Trust Ladder Part 3: Improving Performance

What are the common problems facing Customer Management organisations seeking to move up the Trust Ladder and how do they tackle them to improve performance?

Research from suppliers working in the automotive sector, fast moving consumer goods, and food service highlights ‘Deep Dependence’ as a core concern.

Improving Performance Trust 3

When organisations depend on a core group of customers for 80% their business – it can feel like being held ransom. Like all great relationships, it probably didn’t start this way.


The sense of working together for mutual benefit which brought them together has dissipated over time. Now the customer seems to be the one in control, calling the shots on value and volume.
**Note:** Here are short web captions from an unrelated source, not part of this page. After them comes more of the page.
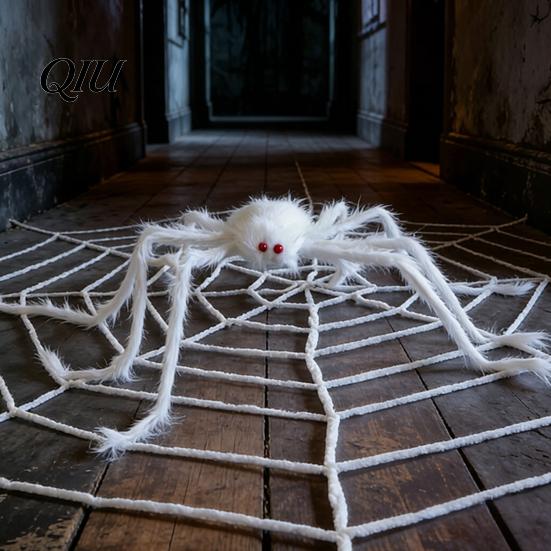 Großes Spinnen-Stofftier Halloween-Dekoration, Weicher haariger gruseliger Requisiten, Pelzige riesige Spinnen für drinnen und draußen, Garten, Zuhause, Spukhaus-Dekoration, Kuscheltier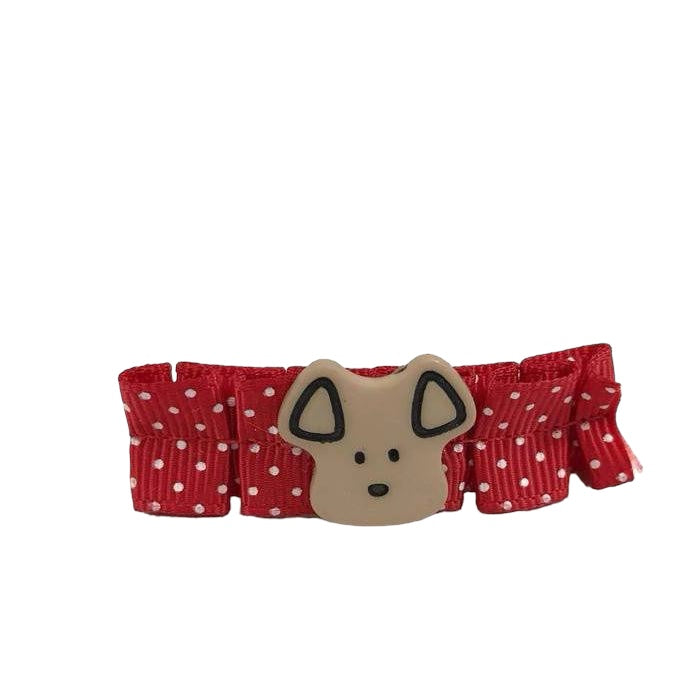 Red Hair Clip with Dog Embellishment - Cute & Playful Hair Accessory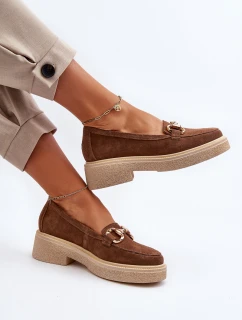 model 21652497 Zamszové Dámské Mokasíny S Ozdobou Hnědé - Zazoo
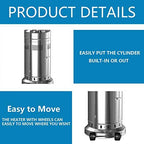 2-Pack 48,000 BTU Propane Patio Heaters with Wheels, Stainless Steel, Silver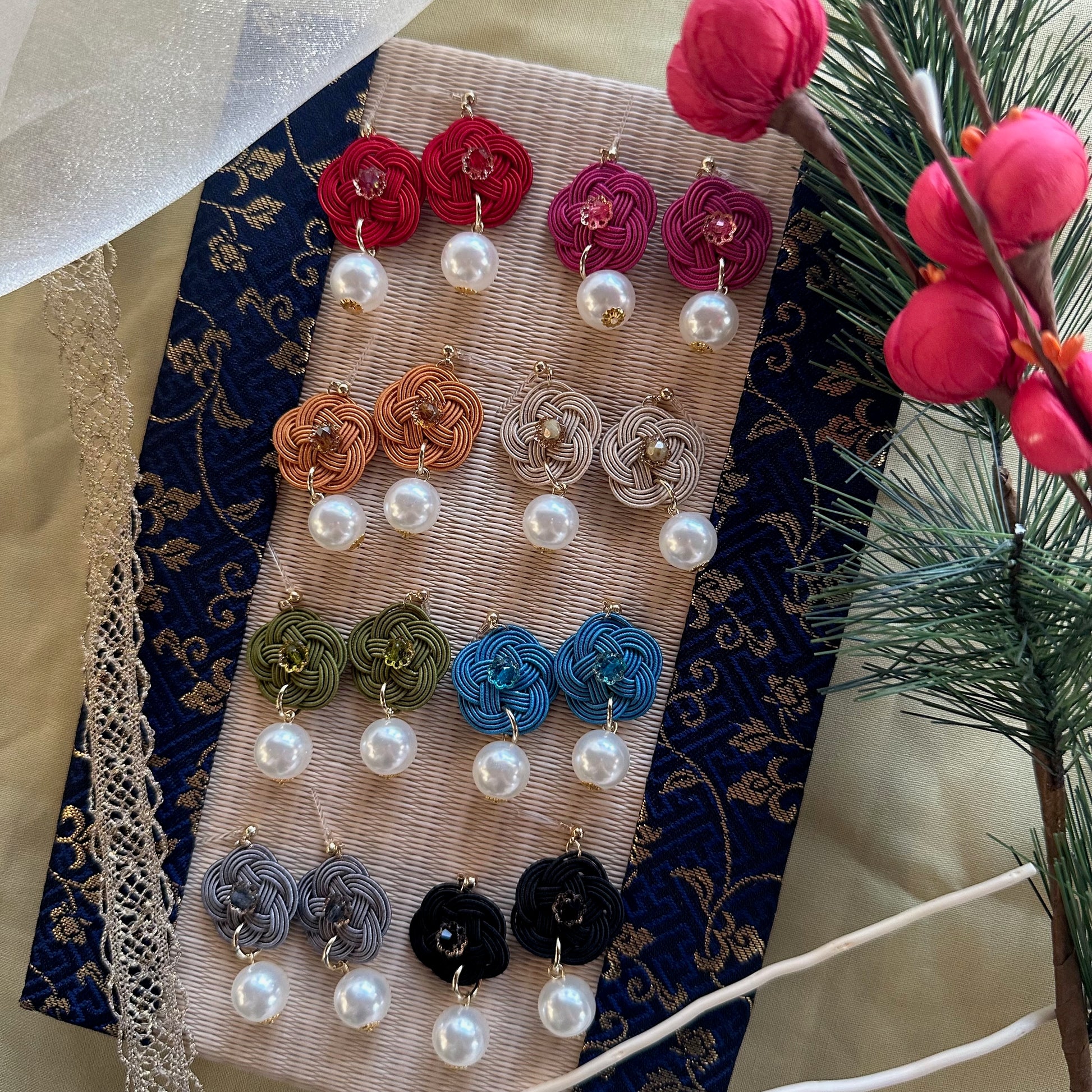 Assorted colors of Mizuhiki floral knot earrings with pearl, handcrafted in Japan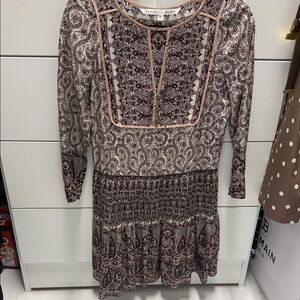 Veronica Beard Brown and Cream Paisley Long-Sleeve Smocked-Waist Dress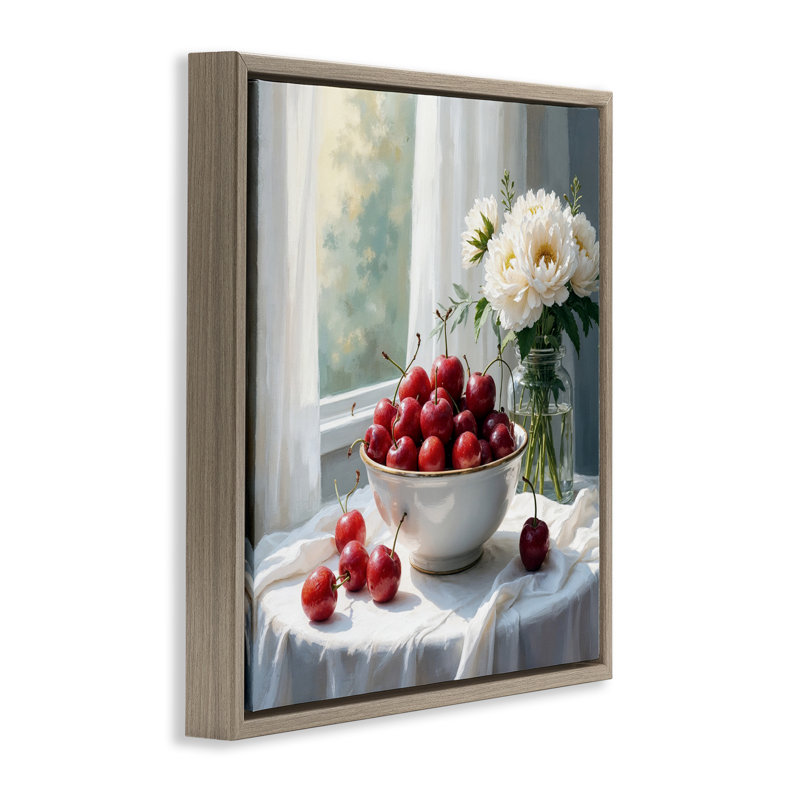Cadre flottant cerises et fleurs nature morte, design par lettré et doublé, Cadre flottant orme Montalcino, H 18 po x l 18 po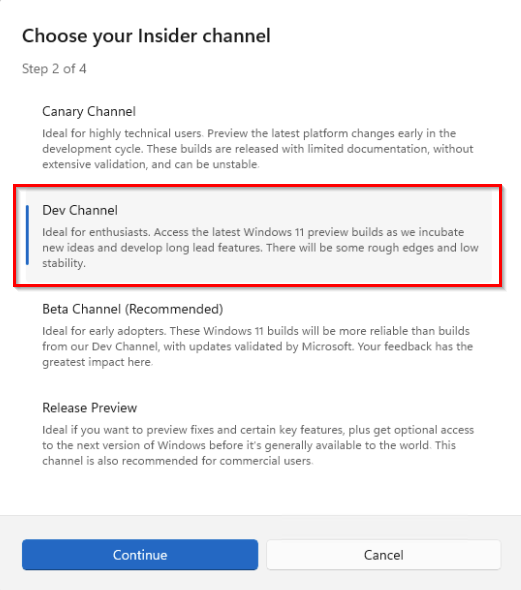 This image shows the different insider builds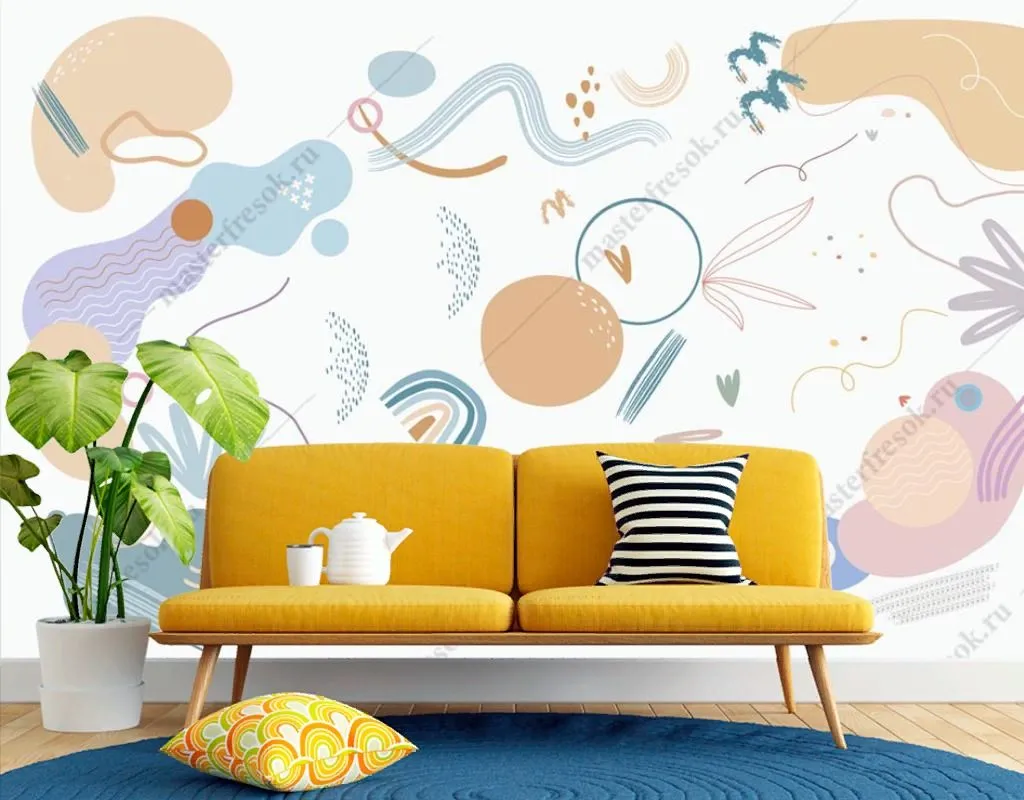 Фотообои в интерьере цветной абстрактный фон  13-548 фото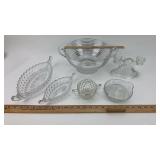 Asst. Clear Glass Serving Dishes, Candle Holder
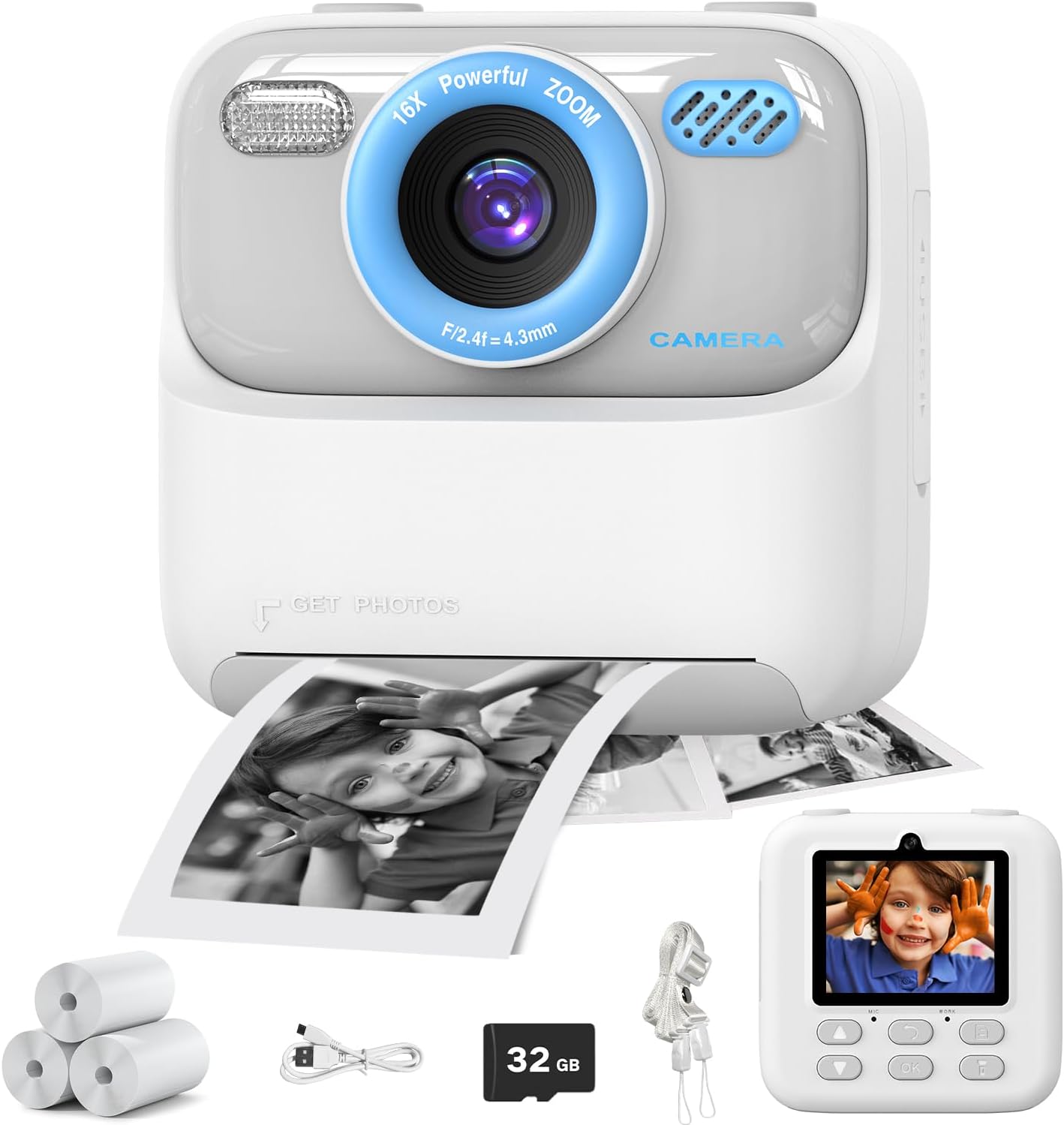 masterbee Instant Print Kid Camera - HD Video, Perfect Kids Gift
Over time the relationship has become a one way street which continuously erodes margins and customer profitability.

The question is how can organisations break out of it while keeping the customer onboard and pushing for profit?

This is where many suppliers get stuck within a cycle of holding on to business with decreasing levels of value, or holding it any cost as they work on internal cost savings and efficiencies. In short, they are Deeply Dependent.

Deep Dependence in itself is not all bad news.

It can act as springboard to strategic development and co-working; it may offer operating efficiencies through economies of scale, and push suppliers to improve their commercial skills.
The downside is that it may also lead to adversarial relationships, forcing customer service resources into fire-fighting activities, and towards over dependency as one division can mask interdependent relationships in another.

What’s the answer?

The solution lies in developing a CM experience which triggers trust, interdependence, and equitability together. Plans need to take the long-view based on customer insight, market knowledge and organisational strategy. They should include:

  • Effective stakeholder mapping to identify all the interested parties, mapped to their importance within the organisation.
  • Contact strategy development and implementation based on risk sharing and mutual benefits.
  • Pro-active development of joint business plans as the umbrella for the relationship
  • Evaluate the benefits of co-location

Before embarking on a course of action to move the relationship out of Deep Dependence and into Interdependence it is worth doing a check step!

The customer may be important at the moment, however, will this continue? A strategic customer review could surface any longer term potential they may be able to offer the organisation. Conversely, if the analysis indicates a decline in customers’ importance, organisations can plan accordingly and aim to move from Deep Dependence into Shallow Interdependence. A more strategic approach to customers could ensure better use of resources, processes, systems and way of working to secure longer term customer value.